Write the listing below out again exactly, dropping the images.

Start of Recorded data

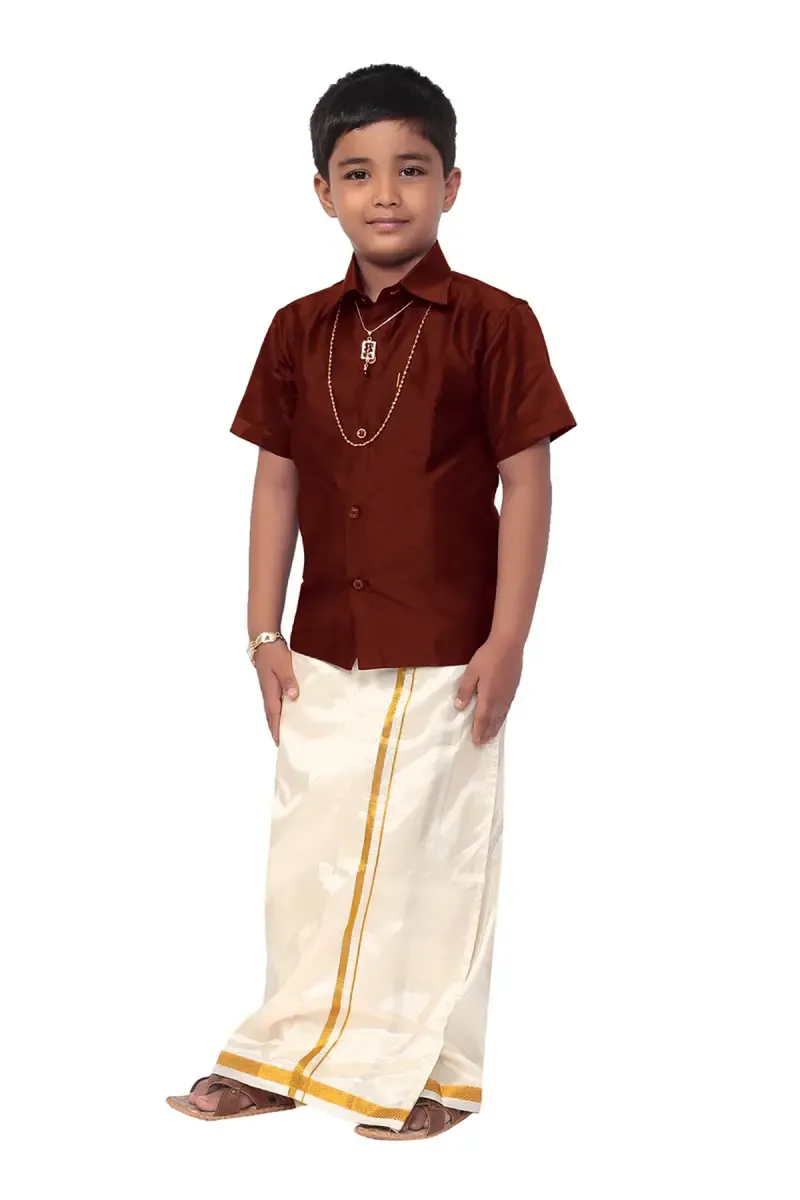 Boy's Art Silk Shirt & Dhoti with Angavasthuram 5 Pcs Set (Accessories Included)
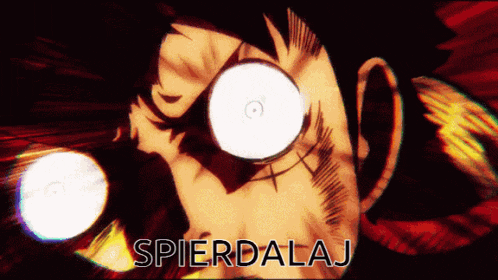 a close up of a person 's face with the words " spierdalaj " above it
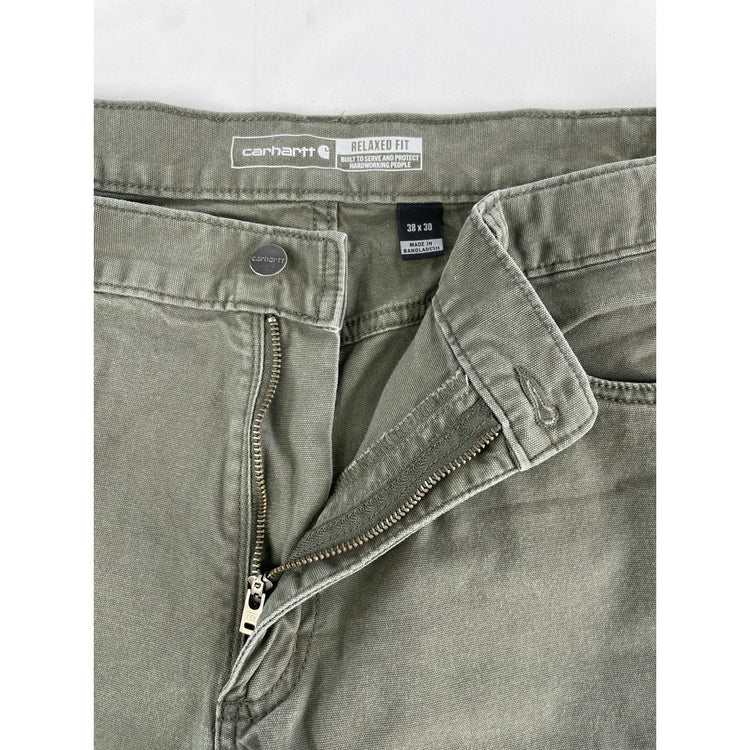 Mens Carhartt Olive Green Relaxed Fit Carpenter Wrok Pants Size 38x30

End of Recorded data

### Answer area
 Boy's Art Silk Shirt & Dhoti with Angavasthuram 5 Pcs Set (Accessories Included)
 a close up of a person 's face with the words " spierdalaj " above it
 Mens Carhartt Olive Green Relaxed Fit Carpenter Wrok Pants Size 38x30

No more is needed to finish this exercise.